Task details:
In the data below, find the line with "Pink Birthday Girl Sash 1pc" and the line with "(New) Speed Control", then restate both and every line between them exactly, minus the pictures.

Recorded information:
----------------
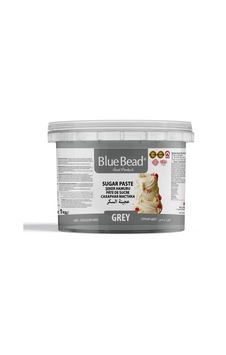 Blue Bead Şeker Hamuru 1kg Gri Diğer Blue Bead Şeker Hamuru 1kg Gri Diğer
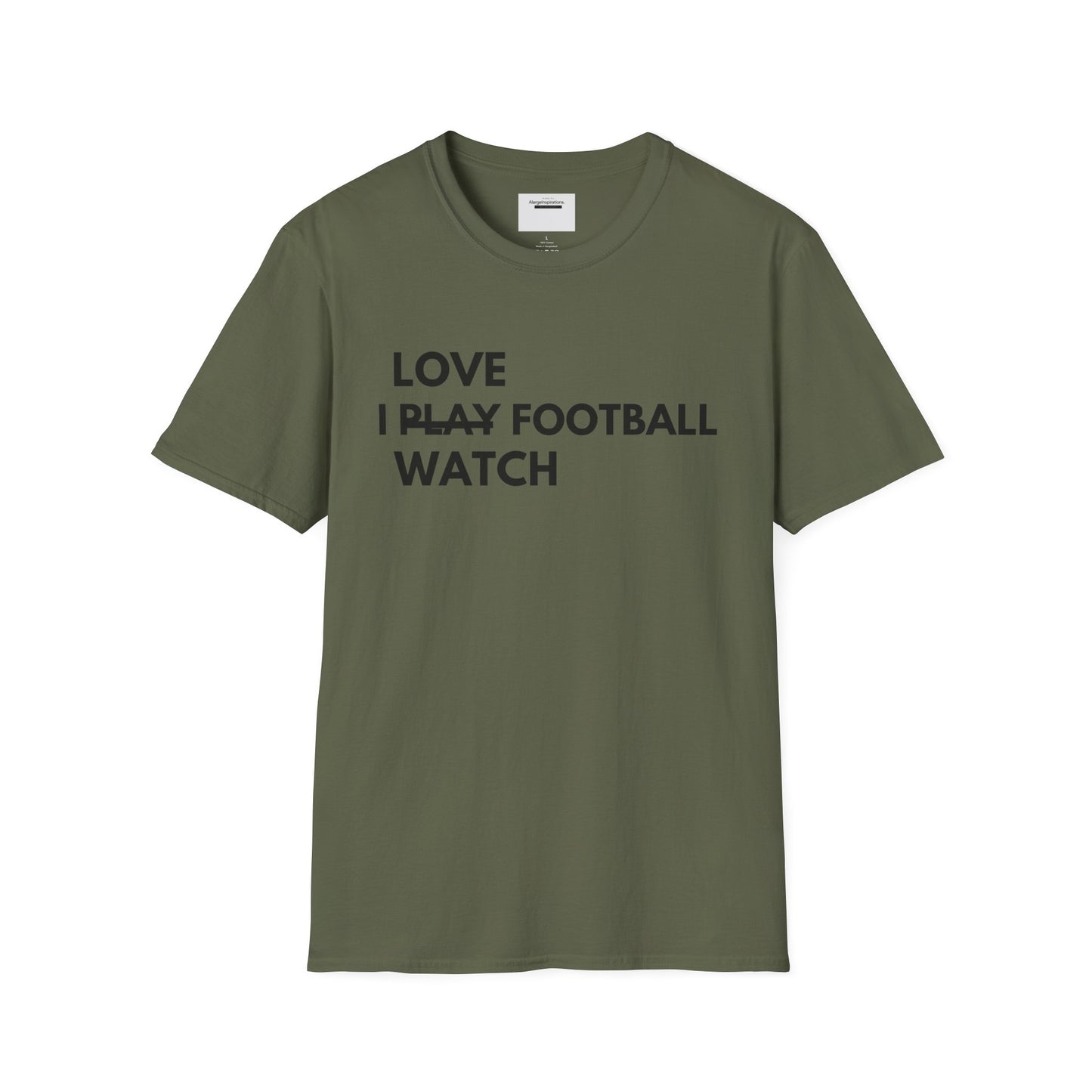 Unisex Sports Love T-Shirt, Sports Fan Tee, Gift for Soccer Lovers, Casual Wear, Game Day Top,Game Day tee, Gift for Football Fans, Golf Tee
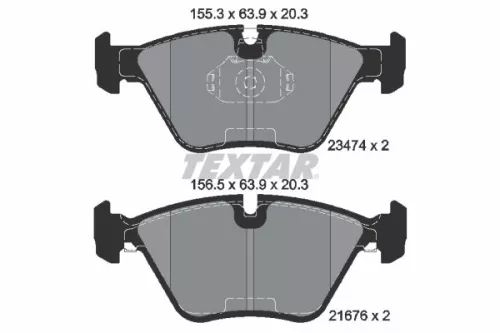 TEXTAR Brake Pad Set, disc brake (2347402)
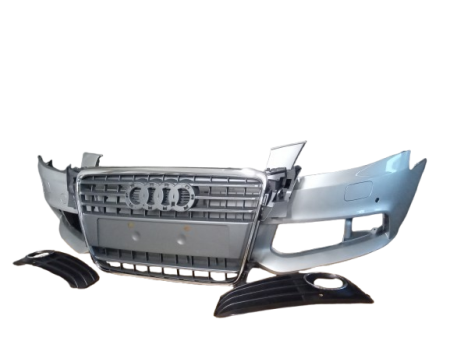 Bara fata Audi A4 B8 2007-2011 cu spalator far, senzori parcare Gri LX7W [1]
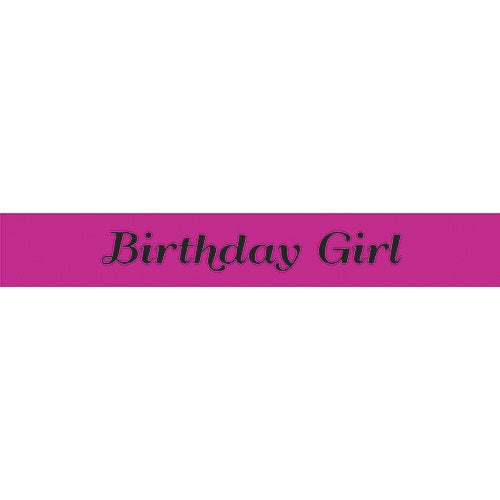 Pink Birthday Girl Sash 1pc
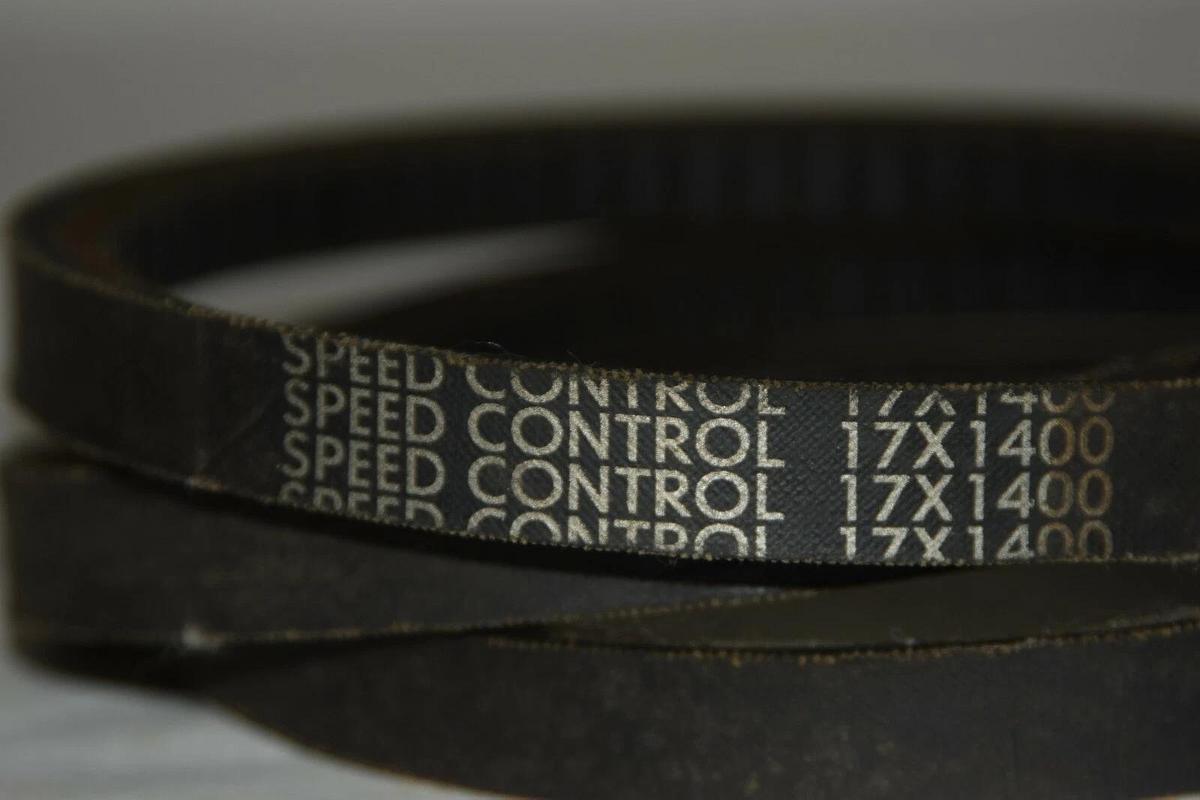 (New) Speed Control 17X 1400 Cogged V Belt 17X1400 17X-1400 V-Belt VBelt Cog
----------------
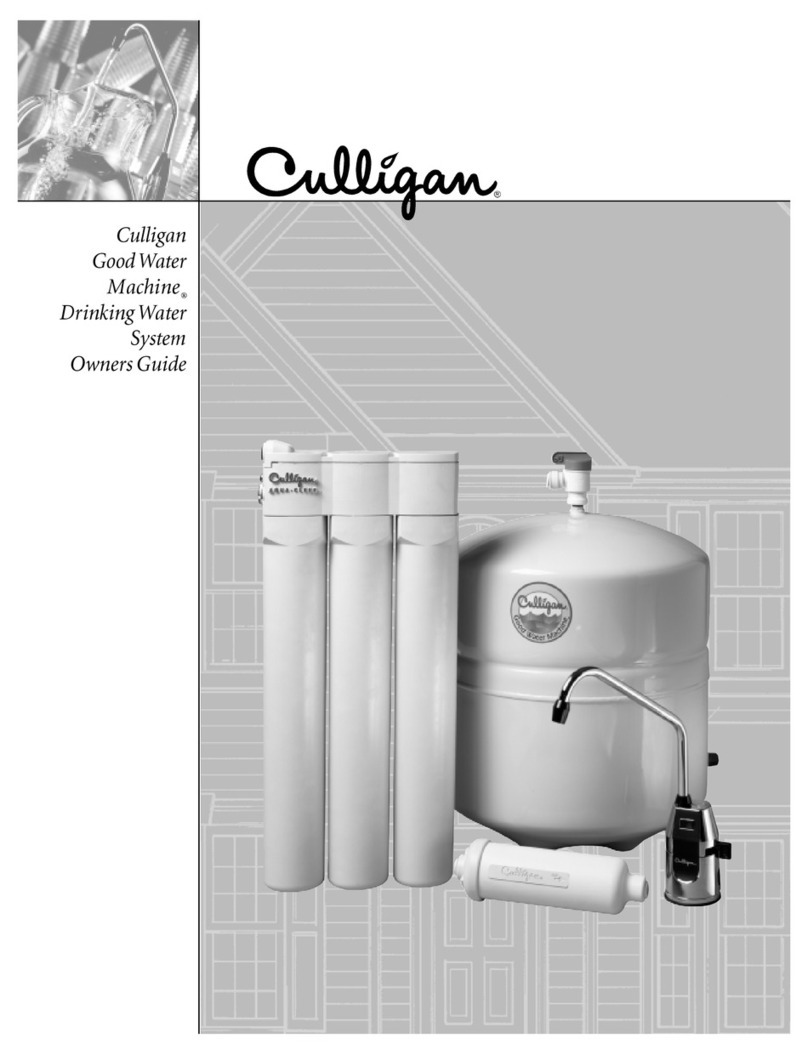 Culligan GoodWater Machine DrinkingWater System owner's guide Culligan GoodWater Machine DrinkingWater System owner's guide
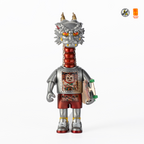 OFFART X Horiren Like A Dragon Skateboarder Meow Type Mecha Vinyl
----------------
Output for this task:
 Pink Birthday Girl Sash 1pc
 (New) Speed Control 17X 1400 Cogged V Belt 17X1400 17X-1400 V-Belt VBelt Cog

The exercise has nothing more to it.